++++ Data listing ++++

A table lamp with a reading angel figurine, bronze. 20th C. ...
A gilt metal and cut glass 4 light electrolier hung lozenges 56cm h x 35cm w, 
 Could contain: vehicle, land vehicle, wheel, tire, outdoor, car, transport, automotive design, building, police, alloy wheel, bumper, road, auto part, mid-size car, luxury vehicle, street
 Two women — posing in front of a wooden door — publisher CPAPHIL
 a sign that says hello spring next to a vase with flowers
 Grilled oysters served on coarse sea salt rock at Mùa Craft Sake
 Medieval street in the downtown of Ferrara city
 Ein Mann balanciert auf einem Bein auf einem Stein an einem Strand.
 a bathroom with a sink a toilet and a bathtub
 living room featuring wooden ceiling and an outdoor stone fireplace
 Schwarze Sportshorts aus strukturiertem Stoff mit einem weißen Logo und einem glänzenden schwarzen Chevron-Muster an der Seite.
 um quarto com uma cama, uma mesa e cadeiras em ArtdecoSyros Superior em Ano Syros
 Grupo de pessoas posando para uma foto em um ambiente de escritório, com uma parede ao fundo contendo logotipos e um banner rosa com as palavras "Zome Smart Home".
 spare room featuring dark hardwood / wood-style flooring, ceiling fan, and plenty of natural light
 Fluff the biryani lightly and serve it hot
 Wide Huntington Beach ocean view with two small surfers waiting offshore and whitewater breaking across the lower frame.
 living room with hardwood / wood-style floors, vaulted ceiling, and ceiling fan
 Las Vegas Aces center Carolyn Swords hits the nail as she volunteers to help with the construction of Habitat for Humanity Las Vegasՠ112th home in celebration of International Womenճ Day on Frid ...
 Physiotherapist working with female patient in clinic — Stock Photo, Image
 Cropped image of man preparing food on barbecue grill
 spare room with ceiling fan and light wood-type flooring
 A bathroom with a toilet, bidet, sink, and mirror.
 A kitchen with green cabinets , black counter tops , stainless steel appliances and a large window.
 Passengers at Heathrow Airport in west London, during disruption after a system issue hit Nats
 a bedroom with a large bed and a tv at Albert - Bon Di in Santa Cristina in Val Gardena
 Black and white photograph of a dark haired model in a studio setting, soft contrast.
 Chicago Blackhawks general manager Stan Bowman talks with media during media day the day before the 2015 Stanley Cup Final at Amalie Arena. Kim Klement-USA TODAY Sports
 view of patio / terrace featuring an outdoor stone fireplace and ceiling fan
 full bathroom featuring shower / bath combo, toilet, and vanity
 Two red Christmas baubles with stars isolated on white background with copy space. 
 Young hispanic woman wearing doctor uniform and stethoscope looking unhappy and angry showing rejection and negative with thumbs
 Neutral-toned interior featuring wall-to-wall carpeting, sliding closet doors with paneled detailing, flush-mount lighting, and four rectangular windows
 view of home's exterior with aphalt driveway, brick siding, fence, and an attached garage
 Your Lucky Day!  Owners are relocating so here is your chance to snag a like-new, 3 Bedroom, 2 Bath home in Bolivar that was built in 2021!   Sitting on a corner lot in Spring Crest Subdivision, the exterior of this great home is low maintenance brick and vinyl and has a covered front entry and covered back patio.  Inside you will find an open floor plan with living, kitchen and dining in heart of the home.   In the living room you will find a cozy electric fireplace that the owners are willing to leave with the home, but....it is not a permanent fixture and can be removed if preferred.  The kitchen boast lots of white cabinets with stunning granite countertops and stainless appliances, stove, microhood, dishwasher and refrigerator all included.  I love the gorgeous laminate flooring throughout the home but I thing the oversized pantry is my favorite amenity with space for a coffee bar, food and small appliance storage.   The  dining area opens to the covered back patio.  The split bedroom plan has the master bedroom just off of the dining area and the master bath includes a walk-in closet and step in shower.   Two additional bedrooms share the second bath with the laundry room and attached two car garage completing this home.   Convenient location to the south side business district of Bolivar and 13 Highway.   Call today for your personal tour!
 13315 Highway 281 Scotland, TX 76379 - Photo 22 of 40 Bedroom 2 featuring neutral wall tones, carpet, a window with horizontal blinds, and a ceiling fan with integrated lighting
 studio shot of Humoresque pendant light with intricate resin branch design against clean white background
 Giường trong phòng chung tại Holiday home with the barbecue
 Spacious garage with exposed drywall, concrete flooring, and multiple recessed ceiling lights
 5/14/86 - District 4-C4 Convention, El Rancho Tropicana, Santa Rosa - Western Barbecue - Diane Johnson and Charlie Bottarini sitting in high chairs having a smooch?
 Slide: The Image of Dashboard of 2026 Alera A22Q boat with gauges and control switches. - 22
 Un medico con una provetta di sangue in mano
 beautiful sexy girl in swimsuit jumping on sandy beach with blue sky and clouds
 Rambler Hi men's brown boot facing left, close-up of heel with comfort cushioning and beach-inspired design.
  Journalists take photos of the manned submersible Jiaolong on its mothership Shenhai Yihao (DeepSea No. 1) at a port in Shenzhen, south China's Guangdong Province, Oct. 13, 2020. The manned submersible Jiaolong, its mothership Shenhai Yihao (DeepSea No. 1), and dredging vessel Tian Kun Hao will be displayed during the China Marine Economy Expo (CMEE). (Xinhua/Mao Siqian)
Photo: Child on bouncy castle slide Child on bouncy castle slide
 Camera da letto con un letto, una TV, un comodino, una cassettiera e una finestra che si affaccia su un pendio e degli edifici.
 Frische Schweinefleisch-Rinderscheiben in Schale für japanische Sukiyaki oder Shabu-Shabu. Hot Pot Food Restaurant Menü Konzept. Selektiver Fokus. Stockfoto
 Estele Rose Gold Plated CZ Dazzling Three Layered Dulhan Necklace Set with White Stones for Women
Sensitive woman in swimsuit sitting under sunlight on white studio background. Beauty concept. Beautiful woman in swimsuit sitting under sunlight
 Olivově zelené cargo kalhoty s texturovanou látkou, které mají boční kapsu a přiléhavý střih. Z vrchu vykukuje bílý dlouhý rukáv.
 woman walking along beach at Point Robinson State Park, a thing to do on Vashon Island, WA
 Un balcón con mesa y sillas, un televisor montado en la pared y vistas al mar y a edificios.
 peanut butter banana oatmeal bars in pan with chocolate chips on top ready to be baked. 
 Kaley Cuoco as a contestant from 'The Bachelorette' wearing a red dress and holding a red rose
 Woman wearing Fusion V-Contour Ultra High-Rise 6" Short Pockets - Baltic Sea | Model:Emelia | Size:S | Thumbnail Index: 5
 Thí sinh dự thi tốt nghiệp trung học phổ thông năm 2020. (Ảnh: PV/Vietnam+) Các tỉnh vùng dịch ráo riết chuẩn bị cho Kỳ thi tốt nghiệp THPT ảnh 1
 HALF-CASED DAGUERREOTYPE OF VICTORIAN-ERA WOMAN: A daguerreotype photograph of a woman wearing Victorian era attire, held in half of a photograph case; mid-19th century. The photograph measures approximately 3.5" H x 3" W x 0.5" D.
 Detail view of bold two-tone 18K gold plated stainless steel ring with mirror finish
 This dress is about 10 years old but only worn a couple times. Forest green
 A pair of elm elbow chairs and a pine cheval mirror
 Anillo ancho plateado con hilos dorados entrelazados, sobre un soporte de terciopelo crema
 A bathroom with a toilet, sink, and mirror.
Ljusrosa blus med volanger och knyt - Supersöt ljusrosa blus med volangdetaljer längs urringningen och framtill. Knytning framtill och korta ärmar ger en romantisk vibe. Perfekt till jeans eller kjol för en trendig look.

++++

The reply should consist solely of the lines above from the one that has "living room featuring" through the one that has "Physiotherapist working with", reproduced exactly.

Expected answer:
 living room featuring wooden ceiling and an outdoor stone fireplace
 Schwarze Sportshorts aus strukturiertem Stoff mit einem weißen Logo und einem glänzenden schwarzen Chevron-Muster an der Seite.
 um quarto com uma cama, uma mesa e cadeiras em ArtdecoSyros Superior em Ano Syros
 Grupo de pessoas posando para uma foto em um ambiente de escritório, com uma parede ao fundo contendo logotipos e um banner rosa com as palavras "Zome Smart Home".
 spare room featuring dark hardwood / wood-style flooring, ceiling fan, and plenty of natural light
 Fluff the biryani lightly and serve it hot
 Wide Huntington Beach ocean view with two small surfers waiting offshore and whitewater breaking across the lower frame.
 living room with hardwood / wood-style floors, vaulted ceiling, and ceiling fan
 Las Vegas Aces center Carolyn Swords hits the nail as she volunteers to help with the construction of Habitat for Humanity Las Vegasՠ112th home in celebration of International Womenճ Day on Frid ...
 Physiotherapist working with female patient in clinic — Stock Photo, Image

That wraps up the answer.